Way, way back, many centuries ago...
I wasn't ever really all that good at it, and the last of the things I made went to the charity shop in my most recent major clear-out, but I did used to do it. And I still have a tackle-box full of bits and pieces. The pliers and the findings are all perfectly usable but, dear God, the beads...!!
Ghastly, my dears: simply ghastly.
See, in those days, we didn't have the Interwebnet. There were three sources of beads:-
- bead shops
- jumble sales, charity shops, fleamarkets, etc, for old pieces to take to bits and re-string
- mail order
There wasn't exactly a bead shop on every corner. I did occasionally visit the one in Covent Garden - this was back in the dim and distant past when I lived in Milton Keynes - but I was never very impressed. It stocked vast quantities of beads, admittedly. Just none that I really liked.
Janet Coles Beads produced a couple of glossy catalogues a year, and it was from them that I bought most of my supplies. I think they must have sold the catalogues in the periodicals section of WH Smith: I can't imagine how else I would have found out about them.
I'll come back to Janet Coles in a minute.
Meanwhile, back in the present day, since my discovery of Etsy earlier this year, I've looked at a lot of hand-made jewellery. (I may also have bought just one or two pieces. Nothing excessive, obviously. Merely a handful.) And I've quite often thought, "Well, I could make that. If I had the right ingredients. And if my back would hold out long enough". I can't do anything involving enamel, or kilns, or hitting metal with hammers, but I can string and wire beads together. Not necessarily with the degree of finesse required to produce anything I wouldn't be ashamed to put up for sale, but certainly well enough for the results not to drop to bits* in a high wind.

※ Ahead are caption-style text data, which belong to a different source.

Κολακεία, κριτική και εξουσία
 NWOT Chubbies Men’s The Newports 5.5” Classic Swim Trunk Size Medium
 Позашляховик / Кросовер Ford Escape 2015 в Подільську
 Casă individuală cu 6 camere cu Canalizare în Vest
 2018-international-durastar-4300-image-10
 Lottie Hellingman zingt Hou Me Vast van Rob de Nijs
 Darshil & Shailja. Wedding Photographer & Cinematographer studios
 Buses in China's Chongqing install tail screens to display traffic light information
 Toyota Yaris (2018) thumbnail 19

Over the last few months, therefore, the conviction has been growing in me that I really ought to at least try to start doing it again. And that a very good time to start would be over the Christmas break, given that, no matter how amateur the results, it would probably be better than slashing my wrists. I mean, I get the impression from Pop that, when he drives home from his sister's after spending Christmas with her, he'd prefer it if I were still alive to answer the phone. So, a-beading I will go.
To which end, I have been buying all manner of semi-precious beads from both Etsy and eBay. In order to do things properly, I've even invested in a proper pair of wire-cutters to replace the pair of nail-clippers I ruined snipping head pins all those years ago.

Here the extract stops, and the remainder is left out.